Blessed with varied interests and an artistic and musical upbringing, Janet had health challenges throughout her young adult life. Despite these she graduated Cum Laude from Wellesley College with an award of distinction for acting, and had also been a champion equestrian. She began a family with her husband Barry later in life, and had finally found happiness with daughter Sophie-Marie (3/12/06) and then baby (Jack 8/30/08). Five weeks after his birth, the family escaped a wildfire in which all worldly possessions were lost. The family relocated in December of 2008 to Agua Dulce CA where they currently reside.

Jack began to have unsettling symptoms at the age of 3; he was taken to Children's Hospital Los Angeles and was diagnosed with DIPG, or diffuse intrinsic pontine glioma, on Friday Oct. 28, 2011, indisputably the darkest experience of Janet's life.
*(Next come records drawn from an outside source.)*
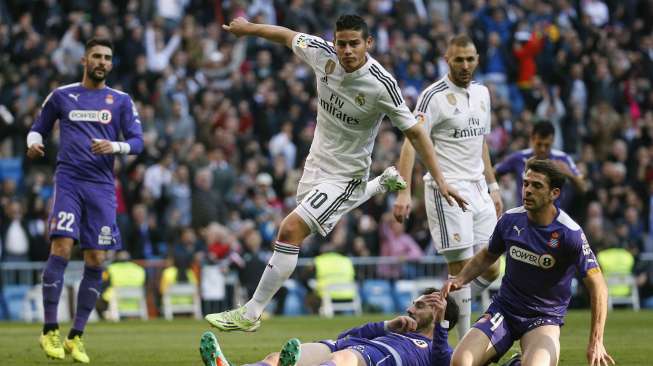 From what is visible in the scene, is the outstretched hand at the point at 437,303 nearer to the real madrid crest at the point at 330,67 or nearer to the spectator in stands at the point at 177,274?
the real madrid crest at the point at 330,67

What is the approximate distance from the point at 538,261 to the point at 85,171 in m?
5.26

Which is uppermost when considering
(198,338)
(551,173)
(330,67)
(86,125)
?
(330,67)

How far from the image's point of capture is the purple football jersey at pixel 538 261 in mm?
9977

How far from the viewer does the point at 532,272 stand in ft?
33.2

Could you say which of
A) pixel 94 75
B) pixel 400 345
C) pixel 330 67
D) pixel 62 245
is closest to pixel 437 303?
pixel 400 345

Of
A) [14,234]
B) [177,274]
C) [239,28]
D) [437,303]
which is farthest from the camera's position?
[177,274]

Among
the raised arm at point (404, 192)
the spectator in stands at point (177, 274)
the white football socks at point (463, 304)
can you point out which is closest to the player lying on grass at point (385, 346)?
the raised arm at point (404, 192)

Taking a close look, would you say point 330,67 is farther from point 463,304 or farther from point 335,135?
point 463,304

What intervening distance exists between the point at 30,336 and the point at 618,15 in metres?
20.7

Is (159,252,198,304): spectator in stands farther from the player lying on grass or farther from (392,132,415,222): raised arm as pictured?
the player lying on grass

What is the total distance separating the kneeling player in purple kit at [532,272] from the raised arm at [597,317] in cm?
2

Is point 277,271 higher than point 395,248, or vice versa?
point 277,271

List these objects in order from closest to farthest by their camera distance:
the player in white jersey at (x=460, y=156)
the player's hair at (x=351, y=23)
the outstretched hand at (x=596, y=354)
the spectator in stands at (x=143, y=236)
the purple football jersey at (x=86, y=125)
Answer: the outstretched hand at (x=596, y=354), the player's hair at (x=351, y=23), the player in white jersey at (x=460, y=156), the purple football jersey at (x=86, y=125), the spectator in stands at (x=143, y=236)

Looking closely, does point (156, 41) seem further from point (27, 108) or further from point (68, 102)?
point (68, 102) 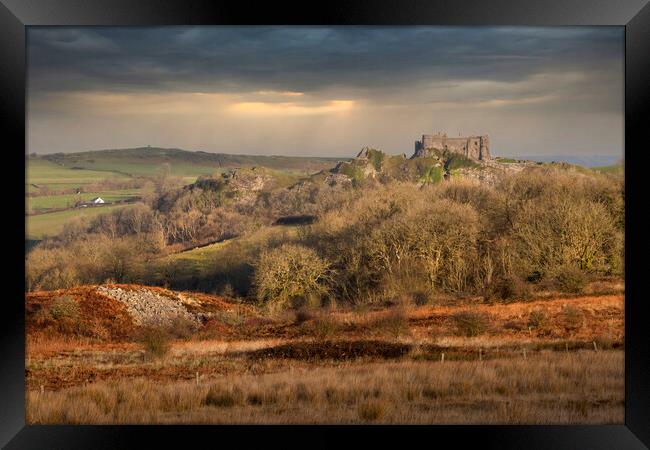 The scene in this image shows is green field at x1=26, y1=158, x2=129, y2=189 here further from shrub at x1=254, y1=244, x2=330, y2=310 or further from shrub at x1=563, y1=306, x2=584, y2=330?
shrub at x1=563, y1=306, x2=584, y2=330

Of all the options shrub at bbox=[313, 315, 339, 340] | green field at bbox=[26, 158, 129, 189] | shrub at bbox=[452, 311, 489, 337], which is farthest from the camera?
shrub at bbox=[313, 315, 339, 340]

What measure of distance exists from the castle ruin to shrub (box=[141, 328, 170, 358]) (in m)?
5.94

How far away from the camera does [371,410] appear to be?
849 centimetres

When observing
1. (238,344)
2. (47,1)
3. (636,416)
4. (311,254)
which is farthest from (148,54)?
(636,416)

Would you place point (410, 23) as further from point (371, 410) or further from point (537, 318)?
point (537, 318)

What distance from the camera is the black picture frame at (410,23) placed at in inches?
295

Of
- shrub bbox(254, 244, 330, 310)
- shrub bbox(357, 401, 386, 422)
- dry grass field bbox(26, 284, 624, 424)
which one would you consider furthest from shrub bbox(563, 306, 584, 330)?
shrub bbox(254, 244, 330, 310)

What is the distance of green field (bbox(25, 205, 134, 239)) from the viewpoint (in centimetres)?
1197

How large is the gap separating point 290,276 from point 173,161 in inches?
155

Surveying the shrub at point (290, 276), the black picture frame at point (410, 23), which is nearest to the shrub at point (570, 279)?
the shrub at point (290, 276)

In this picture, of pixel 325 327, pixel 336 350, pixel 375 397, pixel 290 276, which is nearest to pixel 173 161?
pixel 290 276

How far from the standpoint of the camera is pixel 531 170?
1554 centimetres

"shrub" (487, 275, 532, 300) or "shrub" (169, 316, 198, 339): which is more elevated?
"shrub" (487, 275, 532, 300)

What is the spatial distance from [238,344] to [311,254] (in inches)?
198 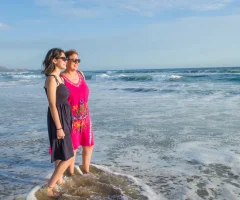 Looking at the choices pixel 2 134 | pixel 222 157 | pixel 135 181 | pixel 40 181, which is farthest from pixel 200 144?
pixel 2 134

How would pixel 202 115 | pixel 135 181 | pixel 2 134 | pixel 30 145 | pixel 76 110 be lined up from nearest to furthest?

The outrage of it made her determined to find the good in the situation, and she asked God to "Put me to work!" After Jack's death, she remained determined to start working to find solutions to DIPG and incorporated Jack's Angels at the end of 2012; the Foundation began its work in 2013. Despite the fact that DIPG is responsible for the majority of brain tumor deaths in children, she had been told there were no solutions for Jack because "the numbers aren't great enough for investors." This remains the primary motivation in her advocacy work, to prioritize children's lives in our medical system in the United States.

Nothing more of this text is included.